🤖 AI Summary
High-quality, large-scale labeled data for transfer learning in building thermodynamics are severely scarce. Method: This paper introduces the first automated synthetic data generation framework specifically designed for transfer learning. It leverages a lightweight single-zone Modelica model exported as a Functional Mock-up Unit (FMU), enabling efficient simulation in Python. Through systematic parameter randomization—covering building typologies, climate zones, and operational conditions—it generates diverse, large-scale time-series thermal environment data, substantially reducing reliance on domain-specific building simulation expertise.
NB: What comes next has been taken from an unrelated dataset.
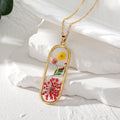 Gold Tone Pressed Flower Resin Pendant Necklaces in Eleven Shapes view 8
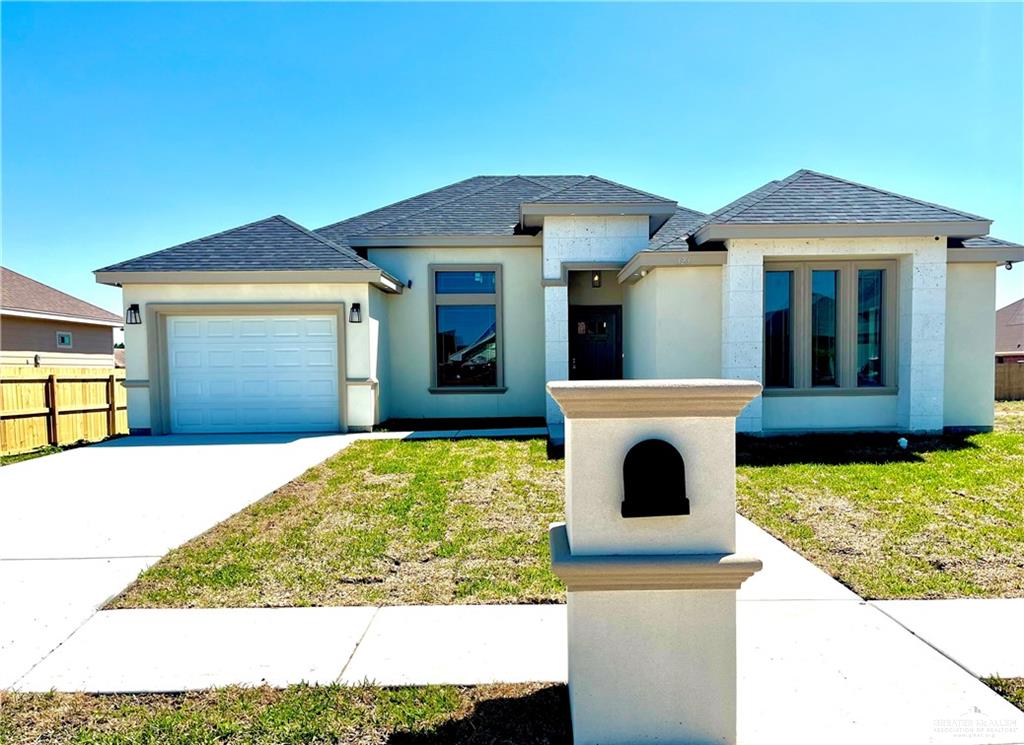 View of front of property featuring a front lawn and a garage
Contribution/Results: The synthesized dataset is empirically validated to effectively support both pretraining and fine-tuning, significantly enhancing model generalization and cross-scenario transfer performance. This framework establishes a critical data infrastructure for scalable AI research in the built environment.
📝 Abstract
Transfer learning (TL) can improve data-driven modeling of building thermal dynamics. Therefore, many new TL research areas emerge in the field, such as selecting the right source model for TL. However, these research directions require massive amounts of thermal building data which is lacking presently. Neither public datasets nor existing data generators meet the needs of TL research in terms of data quality and quantity. Moreover, existing data generation approaches typically require expert knowledge in building simulation. We present BuilDa, a thermal building data generation framework for producing synthetic data of adequate quality and quantity for TL research. The framework does not require profound building simulation knowledge to generate large volumes of data. BuilDa uses a single-zone Modelica model that is exported as a Functional Mock-up Unit (FMU) and simulated in Python. We demonstrate BuilDa by generating data and utilizing it for pretraining and fine-tuning TL models.